Marina Manda Lembranças P rometi falar de Beijing, o que me permite passar batida sobre a atual situação do país! Nem sabíamos que ir...

Marina Manda Lembranças
Nem sabíamos que iríamos. A informação nos foi dada por telefone quando ainda estávamos no Galeão, esperando a hora do embarque para Xangai. E, finda a Feira do Livro Infantil, lá fomos nós.
Duas cidades muito diferentes. Em Xangai, manso outono, folhas de ginko nas calçadas. Em Beijing, inverno, 8º negativos, neve caindo no primeiro dia. Xangai é uma cidade leve, que se exibe, uma top model sempre na passarela, um conjunto que só fala de si mesmo. Beijing é uma cidade a serviço do poder, emblemática, que carrega a responsabilidade do país e fala, a um só tempo, do passado glorioso e das pretensões do futuro.

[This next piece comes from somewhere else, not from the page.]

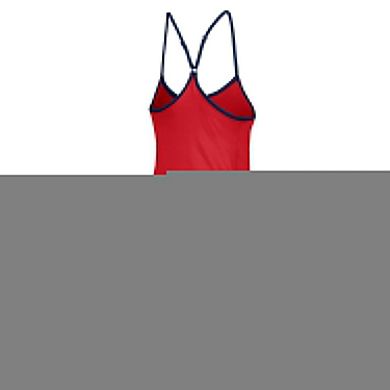 Women's Lusso  Red St. Louis Cardinals Nakita StrappyÂ Scoop Neck Dress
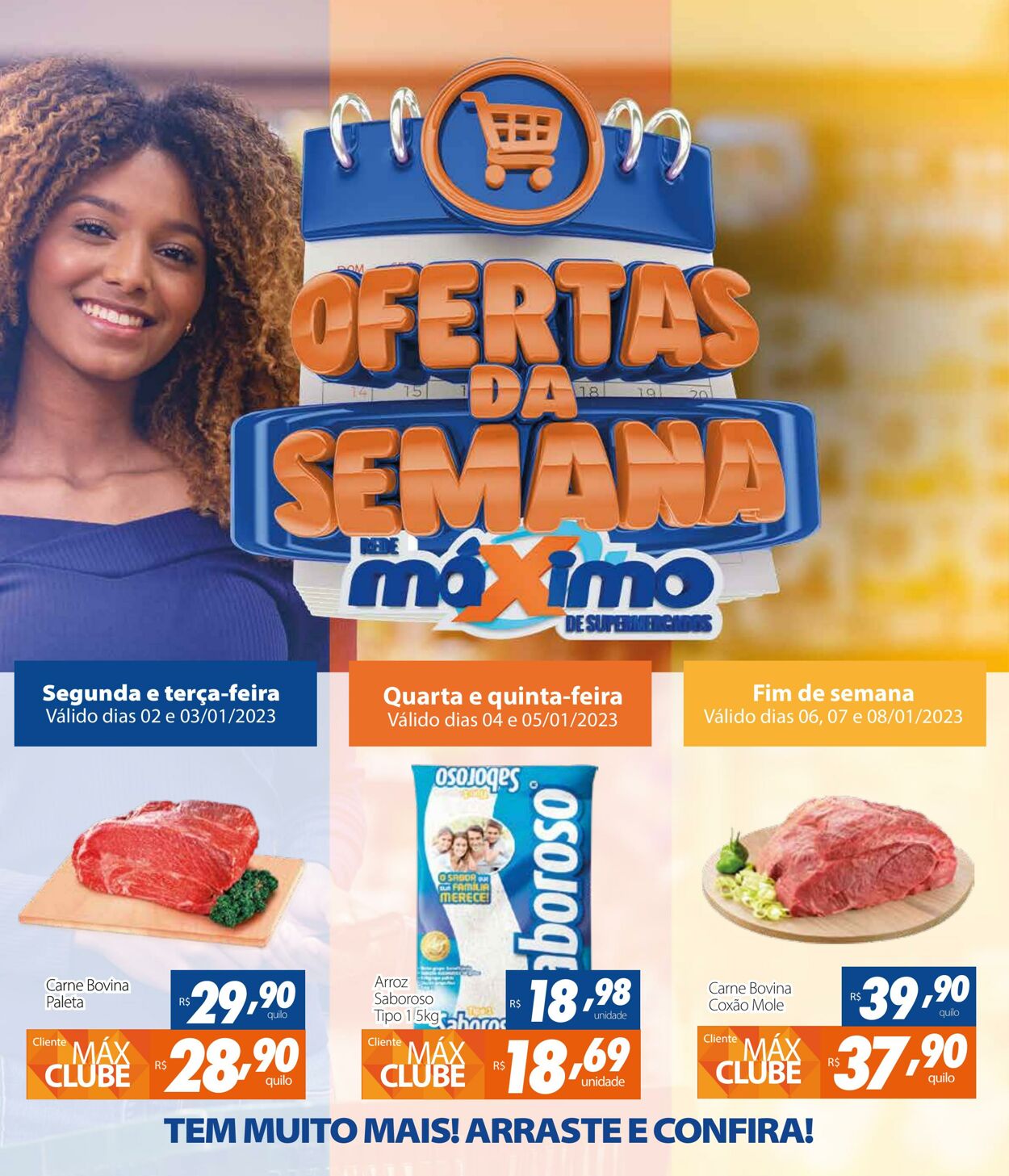 Folheto Supermercado Máximo 17.01.2023 - 23.01.2023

Eu já a conhecia. E não a conhecia. Havia estado lá há mais de 20 anos, justamente na semana em que se inaugurava o primeiro edifício moderno, no momento em que a China estendia a musculatura para dar o seu pulo de gato. Havia enxames de bicicletas nas ruas, produto nenhum nas lojas, tristeza cinzenta nos mastodontes arquitetônicos do regime. Só a Cidade Proibida brilhava com suas telhas amarelas, suas colunas, sua riqueza imperial.

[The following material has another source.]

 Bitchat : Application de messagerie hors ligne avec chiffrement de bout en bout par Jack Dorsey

Agora as avenidas continuam largas como o Yang–Tsé, porém ladeadas de canteiros de flores — rosas amarelas nos olhavam cobertas de neve — , as bicicletas todas foram substituídas por motos e carros, prédios de arquitetura delirante acenam por trás das imponentes construções governamentais, e as lojas de shoppings luxuosos transbordam produtos das marcas mais caras do planeta. A Cidade Proibida continua brilhando com suas exclusivas telhas de louça amarela, mas uma multidão de turistas serpenteia por seus jardins e ruelas milenares, e uma loja de produtos e cópias os acolhe como em qualquer grande museu ocidental.

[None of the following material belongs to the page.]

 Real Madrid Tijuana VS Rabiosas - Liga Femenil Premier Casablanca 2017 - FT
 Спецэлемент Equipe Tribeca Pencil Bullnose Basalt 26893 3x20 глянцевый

Ao chegar, em fim de tarde, havíamos sido avisados por nossas gentilíssimas recepcionistas, que na manhã seguinte nos levariam a um shopping barato para comprar agasalhos dignos daquele frio – escritores e ilustradores não costumam ter posses para um ataque emergencial às grandes marcas. E assim foi feito. Apesar disso, ao atravessar mais tarde a Praça da Paz Celestial, nada do que havíamos comprado parecia reter o vento gelado que vinha diretamente da Mongólia ou da Sibéria ou do Pólo. Como todos os turistas ao nosso redor, compramos de uma ambulante, por preço vil, aqueles sábios chapéus de falso pelo, falsas orelhas, e uma estrela vermelha — agora quase falsa — pespegada na frente.
O convite havia sido feito pela CCPPG, a maior editora da China. Tivemos um encontro profissional na sede da editora, com o staff editorial e o pessoal de marketing. Muito objetivo tudo, e eles visivelmente interessados, examinando nossos livros, analisando possibilidades. Eu descobriria pouco depois que "interesse" é o combustível que move os chineses atualmente. Estão interessados em tudo o que não conhecem, em tudo o que é novo e atual. Depois de tanto fechamento, voltam-se para o mundo dispostos a queimar etapas, e absorver.
Isso ficou mais evidente quando descemos à livraria da editora. Um andar inteiro, só para a parte infantil. Estavam ali livros do mundo inteiro, desde os clássicos, como A Ilha do Tesouro ou o Pequeno Príncipe, até os modernos mais recentes. Tudo editado em chinês, bem ilustrado, de capa dura. E mais os autores chineses, como a série "Dingding-Dangdang", de Cao Wenxuan, vencedor do último prêmio Andersen.
As crianças daquele país, que vimos no jardim de infância, já estão recebendo as vozes do mundo inteiro.